3.1.2. From the moment of conclusion of Contract to start providing the ordered services to Customer according to Section 2.4 and under condition of observance of the terms defined by Regulations.
3.1.3. To publish all amendments and changes made to Regulations and Pricelist on the Network site https://core.eu not less than 30 days before the commencement of their validity.
3.1.4. To provide 24-hour daily services to Customer without interruptions, except for need to carry out the maintenance and repair works as well as for the reasons beyond CORE control.
3.2. Customer undertakes:
3.2.1. To fulfill the requirements stated in Contract and Regulations.
3.2.2. To pay invoices in due time or support positive balance of the personal account using CORE automatic payment system, in conformity with valid Pricelist.
4. PRICES AND PAYMENT PROCEDURE
4.1. Payment for the services under Contract is made on the basis of the invoice issued by CORE, or on the basis of an advance payment, depending on the chosen service and according to Regulation and Contract.
4.2. The cost of services provided under this Contract is defined in Pricelist.
4.3. Invoices are delivered to Customer by e-mail unless agreed otherwise.
4.4. If automatic registration and payment systems are used the invoice is generated on according step of the process of order.
4.5. In case of delay of payment Customer shall pay the penalty 0.5 % of the invoiced amount for every day of payment delay.
4.6. Customer shall pay for all expenses connected with repair of damages or malfunctions in the Network or the equipment if damages or malfunctions were caused due to Customer’s fault.
4.7. Customer shall pay for all the expenses regarding liquidation of his arrears.
4.8. Customer shall be responsible for accuracy of all payments.
5. OTHER CONDITIONS
5.1. For additional types of services not listed in Pricelist, but covered by this Contract, as well as under special conditions of performance of this Contract, Parties shall sign additional agreements which form an integral part of Contract. The duration and terms of performance of additional types of services and special conditions of performance of Contract are defined in the additional agreement of Parties.
5.2. In case of changes in legislation or tariffs, introductions or changes of other obligatory charges imposed on CORE as well as changes of price index on the territory of the Republic of Estonia CORE has the right to review Regulations and Pricelist with the notification sent to Customer as per Section 3.1.3 of this Contract.
5.3. Unless Customer agrees with the changes in Regulations or Pricelist, he has to notify CORE in writing within 15 days from the moment of receipt of the notice. In such case Customer can terminate Contract according to Section 7.2. The lack of written termination notice before the changes come in force is deemed to be the consent of Customer with new conditions of Regulations and Pricelist.

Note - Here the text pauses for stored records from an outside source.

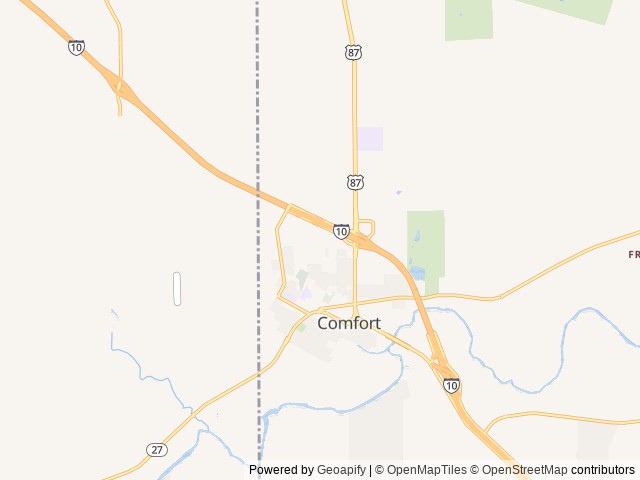 Map of Comfort RV Park USA location at Comfort, TX, United States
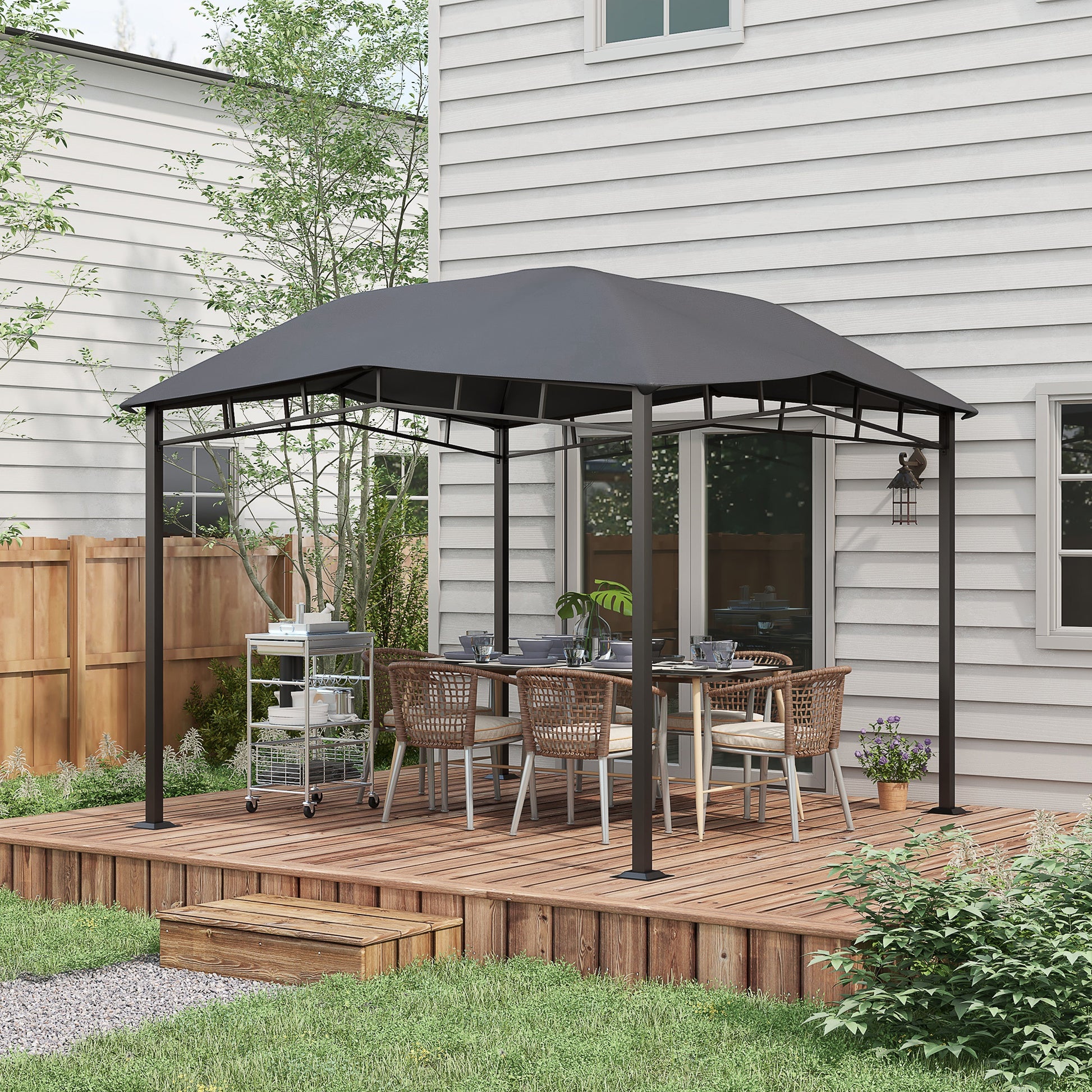 Outsunny 10' X 10' Soft Top Patio Gazebo Outdoor Canopy With Unique Geometric Design Roof, All Weather Steel Frame, Gray Black Grey Polyester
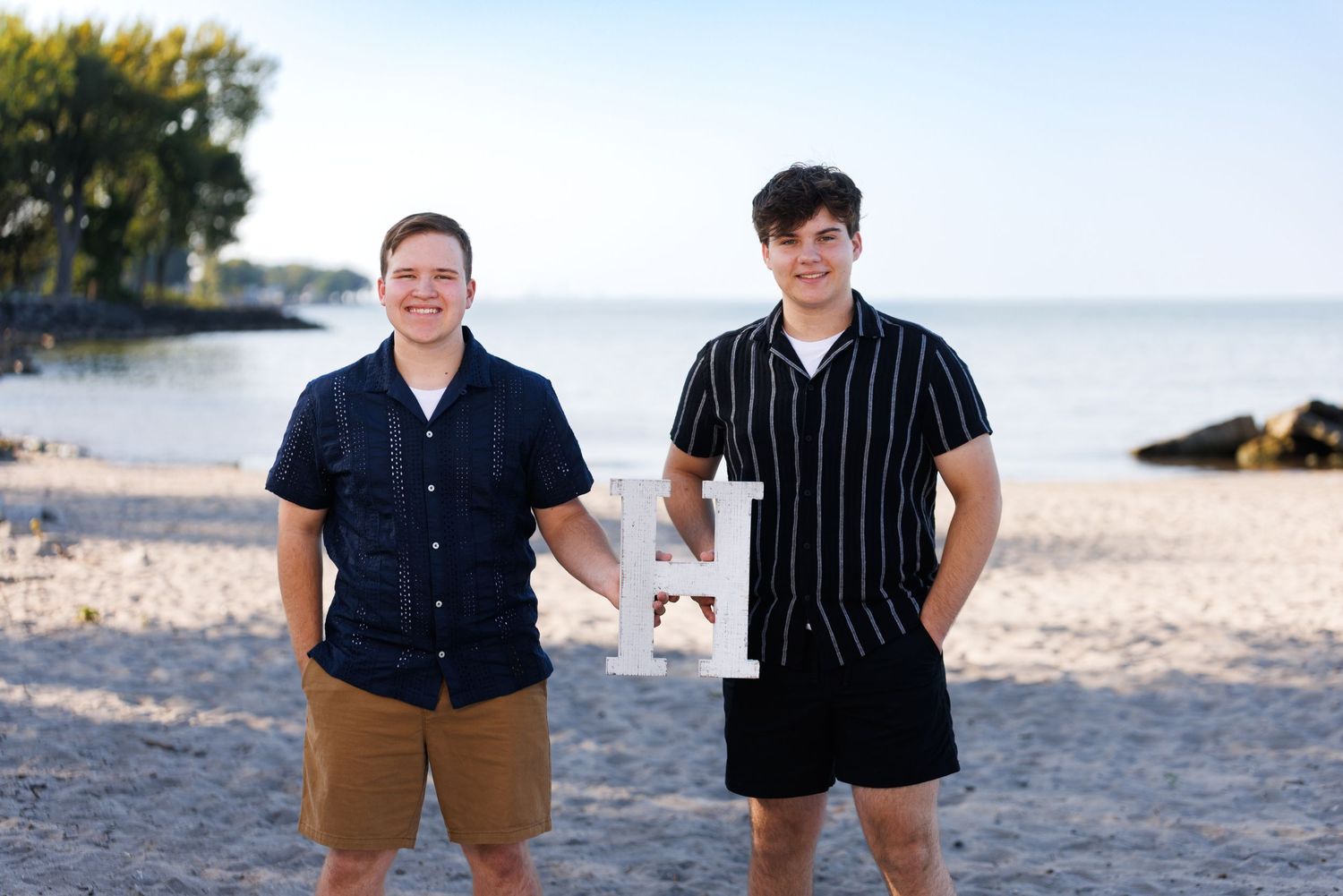 Cropped series of beachside photos showing casual summer outfits and sandy shoreline views.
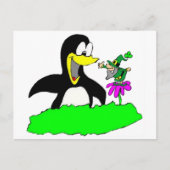 Carte Postale Penguin et Leprechaun (Devant)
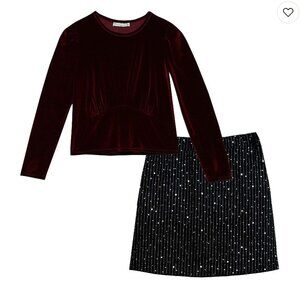 Knit Works Velvet Top and Skirt Set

5.4. Customer and CORE undertake to provide confidentiality of the registration information of Customer (log-in name and the password). CORE is not responsible for the damage of any kind incurred to Customer due to disclosure by the latter of the registration information.
5.5. CORE shall not disclose information about Customer to any third parties except for cases where it is required under Estonian laws.
5.6. Disputes and disagreements between Parties, if any, shall be resolved by negotiations. Otherwise disputes are resolved in Tallinn City Court according to the laws of the Republic of Estonia.
5.7. Any earlier oral and written agreements become null and void if they contradict the present Contract.
6. LIABILITIES OF PARTIES
6.1. For non-performance or inadequate performance of obligations under Contract CORE and Customer shall bear responsibility in accordance with terms and conditions of Contract, Regulations and current legislation of the Republic of Estonia.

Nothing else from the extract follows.